Pozostańmy przy określaniu późnych obrazów Nachta mianem masek i na koniec rzućmy na nie okiem z perspektywy antropologicznej. Analizujący związki zachodzące między maską a portretem Hans Belting pisze w swej fundamentalnej książce "Antropologia obrazu. Szkice do nauki o obrazie" co następuje:
"Można pójść jeszcze dalej i w ogóle portrety pojmować jako maski, które usamodzielniły się od ciała i zostały przeniesione na nowe medium-nośnik. W ten sposób można odczytywać również nowożytny portret jako maskę pamięci i jako maskę społecznej tożsamości. Reprezentacja podmiotu jest ściśle związana z pytaniem o maskę, którą on nosi - a zatem pytaniem o obraz, jaki podmiot składa w masce." [przełożył Mariusz Bryl, Universitas, Kraków 2007, s. 48-49]
W tak zarysowanej perspektywie ewolucja usamodzielniania się maski w stosunku do portretu w przesiąkniętych goryczą, późnych malarskich wizerunkach Nachta wynikałaby z częściowego maskowania (ale i odsłaniania) dwoistej tożsamości artysty oraz jego pamięci obarczonej śladami egzystencjalnej traumy. Wszak właśnie "zamącenie dramatem egzystencji" miało odróżniać obrazy "polskich malarzy koloru" (Cybisa, Nachta i Eibischa) od "lekkich i nieludzko czystych obrazów Bonnarda" - by przywołać słowa Jacka Sempolińskiego z jego eseju "O Bonnardzie dwuznacznie" ["Miesięcznik Literaki" 1967, nr 2].

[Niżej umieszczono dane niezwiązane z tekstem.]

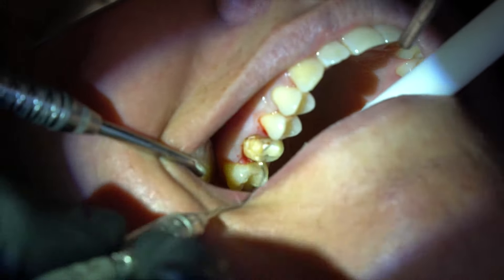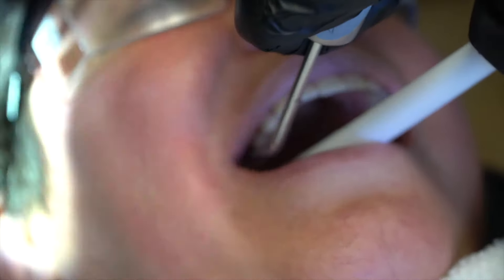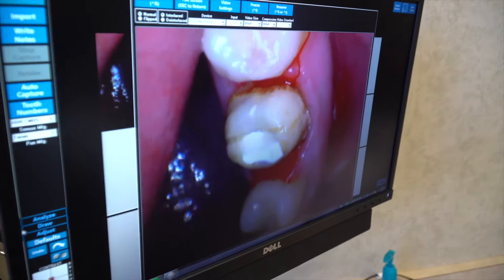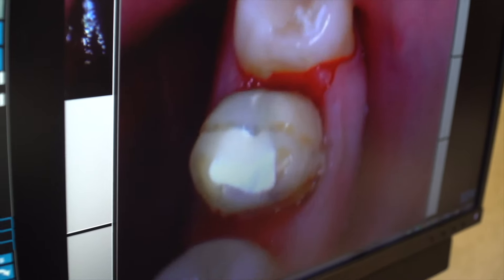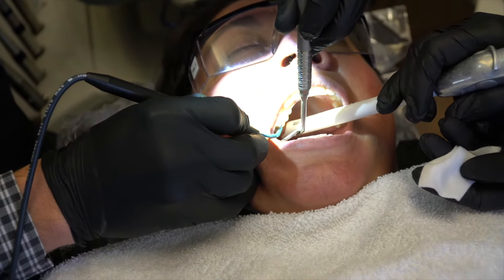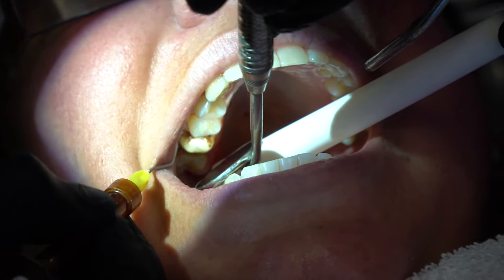You can see some staining there — the bacteria has gotten underneath. The gums are not happy. There's some decay on the back side of the tooth where the opening was, so we've got to clean that up. The gums are inflamed. We're cleaning up the inflamed gum tissue and getting access to the furthest extent of the tooth.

Gdy Adolf Rudnicki zadawał sobie pytanie, "co pozostało z kostiumu bardzo szczególnego historii" [s. 171], na który podczas wojny patrzył z zaprzyjaźnionym malarzem, widział wpatrzone w siebie, "puste, szpetne, przeraźliwe głowy" z obrazów Nachta. Jak się zdaje, Artur Nacht-Samborski spłacał nimi dług wyobraźni i pamięci wobec historii, poszukując - zgodnie z postulatem Theodora W. Adorna - takich form, w których kontakt odbiorcy "z cierpieniem ofiar Zagłady i okrucieństwem ich śmierci nie zostałby złagodzony poprzez estetyzację" [Sidra DeKoven Ezrahi, "Holokaust a zmieniające się granice sztuki i historii", przełożył Maciej Michalski, "Literatura na świecie" 2004, nr 1-2 (390-391), s. 167].
Niniejszy tekst w nieco odmiennej formie ukazał się w kwartalniku "Aspiracje", jesień 2009.
Autor: Artur Tanikowski, marzec 2010.